Given records:
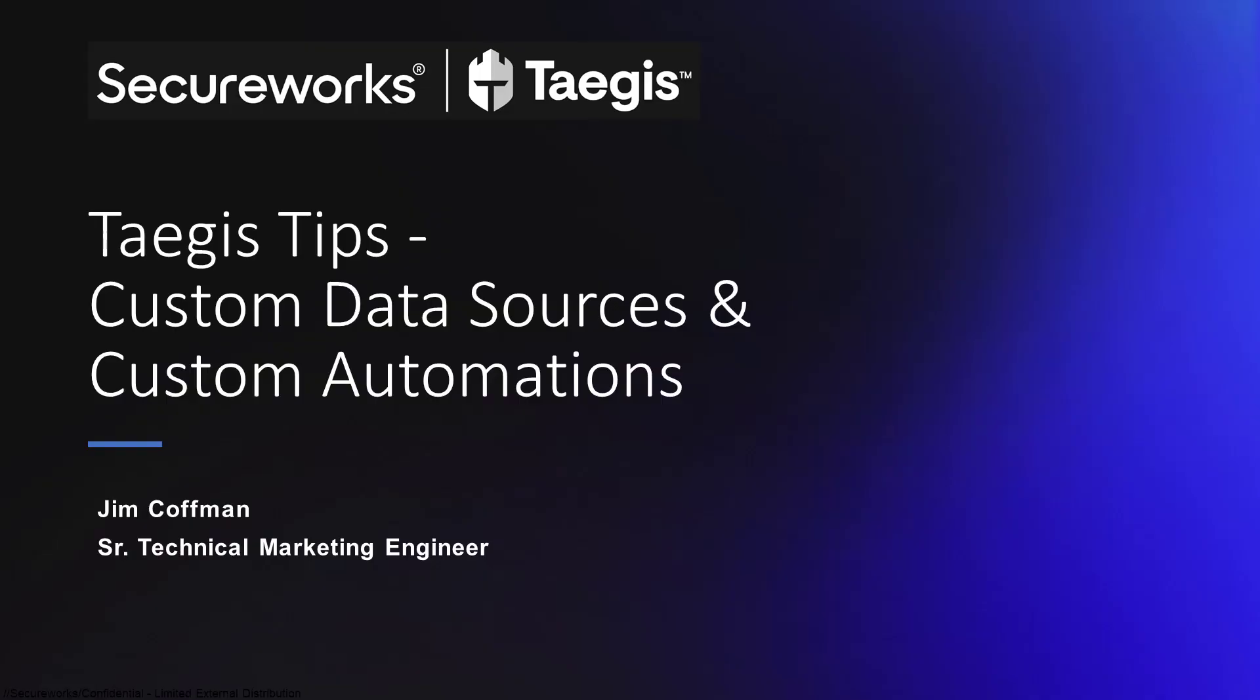Good day, Taegis community, and welcome to another episode of Taegis Tips. I'm Jim Coffman, Senior Technical Marketing Engineer, and today we're going to discuss two powerful and flexible enhancements to the Taegis platform,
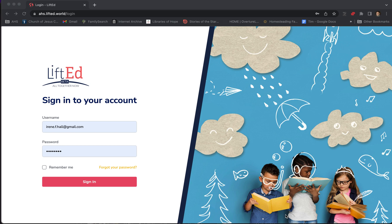Hey everyone, let's do a walkthrough of the LiftEd site, both the parent and student dashboards, and see how we can be successful all together.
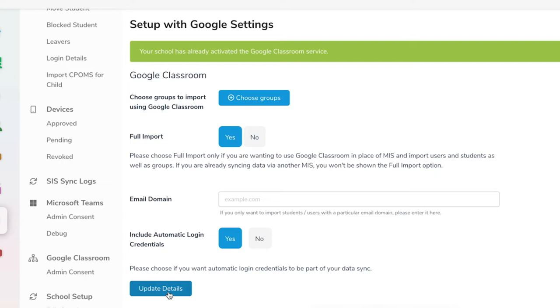If your students are already in Backdrop, you can still arrange them into the groups defined in Google Classroom by choosing No for Full Import.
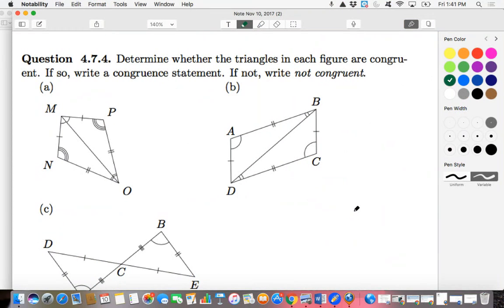I just literally seconds ago picked up about five new recruits to this channel, so I'm pretty stoked about that. I'm going to do for you guys right now 4.7.4. The question is: determine whether the triangles in each figure are congruent, and if so, write a congruent statement. Let's take a look.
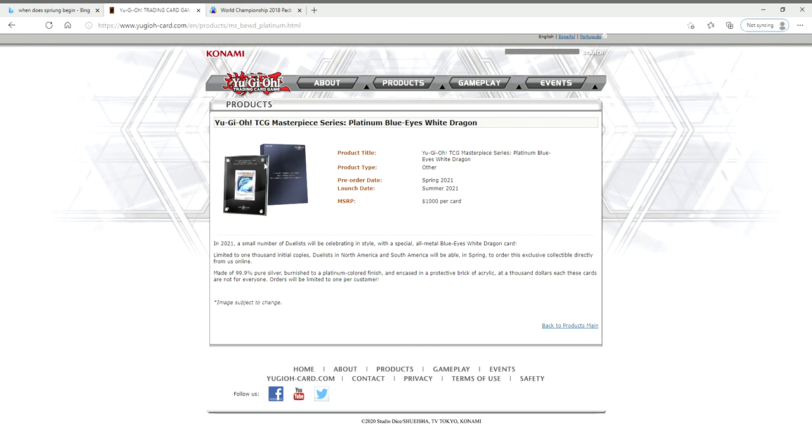Because keep in mind, in the OCG they have a masterpiece series of Dark Magician, and I think the Dark Magician is going to be next. I'm not going to get any other masterpiece series - this is going to be the only one I get.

Requirement: Using the entries above, extract exactly the lines from the one that contains "If your students" through the one that contains "I just literally". Do not carry over any pictures.

Solution below:
If your students are already in Backdrop, you can still arrange them into the groups defined in Google Classroom by choosing No for Full Import.
I just literally seconds ago picked up about five new recruits to this channel, so I'm pretty stoked about that. I'm going to do for you guys right now 4.7.4. The question is: determine whether the triangles in each figure are congruent, and if so, write a congruent statement. Let's take a look.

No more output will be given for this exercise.